- [Problem statement]: Once the line holding "Chessex Gemini Polyhedral" is written out, stop; begin at the first line of the material below and retype exactly, dropping pictures.

- [Given information]:
=-=-=-=-=

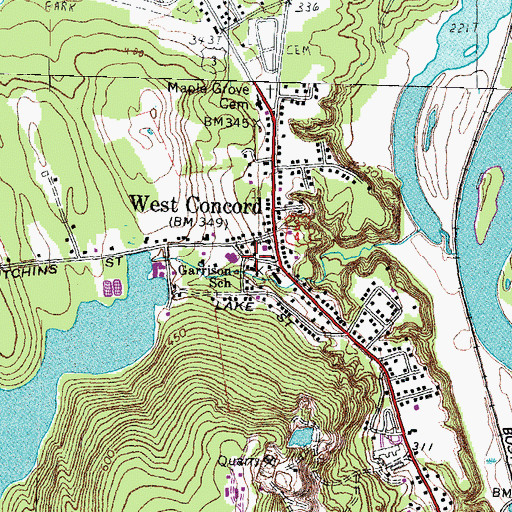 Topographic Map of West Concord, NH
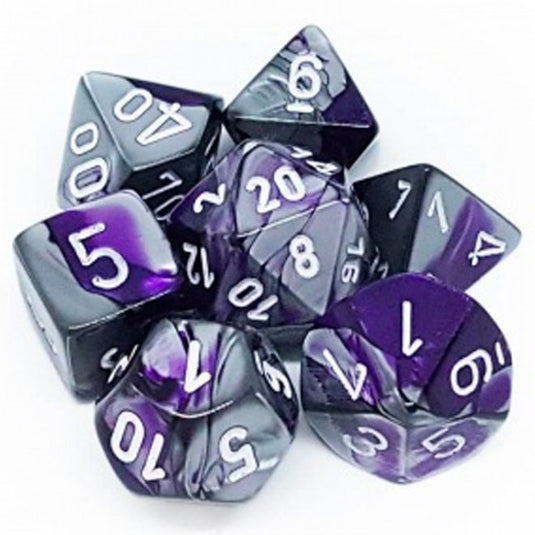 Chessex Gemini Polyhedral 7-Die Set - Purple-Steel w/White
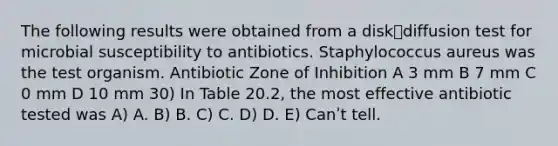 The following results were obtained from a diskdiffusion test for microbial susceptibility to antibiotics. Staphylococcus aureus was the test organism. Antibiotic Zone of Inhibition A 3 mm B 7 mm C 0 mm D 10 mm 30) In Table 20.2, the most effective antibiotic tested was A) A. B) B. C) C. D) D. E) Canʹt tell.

=-=-=-=-=

- [Response]:
 Topographic Map of West Concord, NH
 Chessex Gemini Polyhedral 7-Die Set - Purple-Steel w/White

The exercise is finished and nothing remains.